Living life in recovery, where bouncing back from addiction must start with a sincere willingness to heal, isn’t easy. Building a strong support system of family and friends can help the recovery process, however regaining your identity involves your individual willingness to heal.

The Will to Heal.
Having the will or the drive to heal might sound easy to achieve, but it’s truly not.
Unhealthy patterns brought on by addiction robs us of our integrity, dependability, our jobs, our spouses, and our friends. But sometimes we are not willing to give up are bad habits in order to get better. Even when we really want to get better.

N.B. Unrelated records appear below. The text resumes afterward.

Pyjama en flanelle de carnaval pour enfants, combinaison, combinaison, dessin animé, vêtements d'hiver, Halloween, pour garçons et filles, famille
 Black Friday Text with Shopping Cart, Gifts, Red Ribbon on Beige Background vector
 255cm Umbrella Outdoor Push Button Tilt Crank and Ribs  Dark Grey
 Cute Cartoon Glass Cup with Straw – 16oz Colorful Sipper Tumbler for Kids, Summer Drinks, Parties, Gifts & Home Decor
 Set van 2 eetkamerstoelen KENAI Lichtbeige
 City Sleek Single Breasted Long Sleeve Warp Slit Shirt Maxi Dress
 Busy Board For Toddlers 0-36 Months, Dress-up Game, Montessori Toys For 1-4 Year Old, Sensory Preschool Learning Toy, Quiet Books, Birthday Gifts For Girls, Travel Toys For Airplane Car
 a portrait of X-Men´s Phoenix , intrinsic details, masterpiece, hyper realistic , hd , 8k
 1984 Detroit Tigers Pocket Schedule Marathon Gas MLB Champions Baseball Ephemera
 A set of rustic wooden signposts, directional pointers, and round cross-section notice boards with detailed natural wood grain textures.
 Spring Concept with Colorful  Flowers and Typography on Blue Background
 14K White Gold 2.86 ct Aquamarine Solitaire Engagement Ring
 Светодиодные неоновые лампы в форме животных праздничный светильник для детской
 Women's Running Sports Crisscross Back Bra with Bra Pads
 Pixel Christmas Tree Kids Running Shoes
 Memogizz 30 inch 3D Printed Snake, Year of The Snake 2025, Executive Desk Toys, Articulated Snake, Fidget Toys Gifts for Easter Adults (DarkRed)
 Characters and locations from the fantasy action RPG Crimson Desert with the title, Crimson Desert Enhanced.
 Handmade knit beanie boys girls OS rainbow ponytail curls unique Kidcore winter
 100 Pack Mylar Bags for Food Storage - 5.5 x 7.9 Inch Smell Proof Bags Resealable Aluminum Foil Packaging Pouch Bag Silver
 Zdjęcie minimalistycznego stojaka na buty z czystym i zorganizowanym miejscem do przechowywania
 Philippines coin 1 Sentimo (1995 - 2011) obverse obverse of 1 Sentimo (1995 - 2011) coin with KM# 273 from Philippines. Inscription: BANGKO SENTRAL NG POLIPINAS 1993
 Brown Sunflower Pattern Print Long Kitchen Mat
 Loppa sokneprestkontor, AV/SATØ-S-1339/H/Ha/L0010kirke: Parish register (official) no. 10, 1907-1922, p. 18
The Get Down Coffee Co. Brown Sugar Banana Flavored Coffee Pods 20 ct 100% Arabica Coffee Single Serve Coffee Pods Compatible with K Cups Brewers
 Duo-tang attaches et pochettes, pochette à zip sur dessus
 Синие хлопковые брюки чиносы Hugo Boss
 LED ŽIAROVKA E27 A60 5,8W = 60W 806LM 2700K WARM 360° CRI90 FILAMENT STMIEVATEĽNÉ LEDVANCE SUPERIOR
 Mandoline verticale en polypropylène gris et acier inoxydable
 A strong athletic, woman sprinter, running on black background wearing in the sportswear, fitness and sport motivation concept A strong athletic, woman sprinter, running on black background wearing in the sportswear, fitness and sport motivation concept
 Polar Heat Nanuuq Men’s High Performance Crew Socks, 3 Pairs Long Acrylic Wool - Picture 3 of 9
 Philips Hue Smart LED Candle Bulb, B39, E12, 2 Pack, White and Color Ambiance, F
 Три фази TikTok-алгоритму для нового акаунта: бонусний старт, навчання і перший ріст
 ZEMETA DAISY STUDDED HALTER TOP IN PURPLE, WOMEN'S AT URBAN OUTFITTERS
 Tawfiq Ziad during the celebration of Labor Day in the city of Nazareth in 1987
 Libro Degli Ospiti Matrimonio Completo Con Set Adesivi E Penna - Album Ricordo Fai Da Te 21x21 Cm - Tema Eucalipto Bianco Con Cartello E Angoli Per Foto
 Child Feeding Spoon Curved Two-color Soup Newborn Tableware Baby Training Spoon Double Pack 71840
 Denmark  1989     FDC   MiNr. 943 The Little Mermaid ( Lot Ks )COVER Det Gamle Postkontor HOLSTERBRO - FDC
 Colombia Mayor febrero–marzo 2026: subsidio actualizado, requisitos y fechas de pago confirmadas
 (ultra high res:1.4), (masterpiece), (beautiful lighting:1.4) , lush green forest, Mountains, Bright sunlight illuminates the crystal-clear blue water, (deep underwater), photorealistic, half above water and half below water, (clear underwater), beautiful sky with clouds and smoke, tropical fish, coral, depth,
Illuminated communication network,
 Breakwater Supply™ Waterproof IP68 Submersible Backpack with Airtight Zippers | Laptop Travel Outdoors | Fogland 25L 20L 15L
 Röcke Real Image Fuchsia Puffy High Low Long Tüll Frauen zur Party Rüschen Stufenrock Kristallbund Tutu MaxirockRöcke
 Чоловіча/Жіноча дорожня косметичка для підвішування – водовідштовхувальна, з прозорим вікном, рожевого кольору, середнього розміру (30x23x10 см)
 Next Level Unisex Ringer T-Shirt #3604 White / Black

Tips for Cultivating Willingness to Heal
Mindset plays a key role in Recovery. At the moment, you might not be completely willing to give up your addiction or the different character flaws associated with it, but turning to religion or your spirituality can help you let it go. Letting go of anything that is preventing you from experiencing happiness, peace and freedom will bring you a step closer to where you want to be.

Enrich your life with positivity. Change the way you think to change what you desire. Dropping negative habits can transform into replacing them with positive habits. Pick up hobbies and habits that add to your physical and spiritual being. Whether it be book club, painting, playing sports, or even volunteering in the community.

One day at a time. This saying may getting repetitive, but it fits life in recovery too well not to be. Sobriety is a lifelong process, but can seem overwhelming especially to those new to it. So, repeating the process day by day is easier to handle than looking down a never ending path.

Reconnect with your integrity. As stated by the Oxford Dictionary, integrity falls under two senses:

  • The quality of being honest; Having strong moral principles
  • The state of being whole and undivided.

Integrity is something that majority of us want, in both ourselves and in our leaders. Integrity doesn’t necessarily equate to moral flawlessness. After all, we are human and we make mistakes. But owning up to our mistakes can keep our integrity intact.

Tips for Building Integrity

  1. Write it out. Try journaling to write out when you’re being totally honest, as well as when you’ve made mistakes.
  2.  Get to know at least ONE person in your social circle whom embodies integrity. This person could be a spiritual mentor or sponsor. Whoever you chose should be a person who has undoubtedly earned the right to listen to your story.
  3. Read books about integrity.


Addiction may be a thief, but you are capable of doing something about it. Take your life back. It’s up to you to be willing to get help and make the appropriate changes to find yourself again.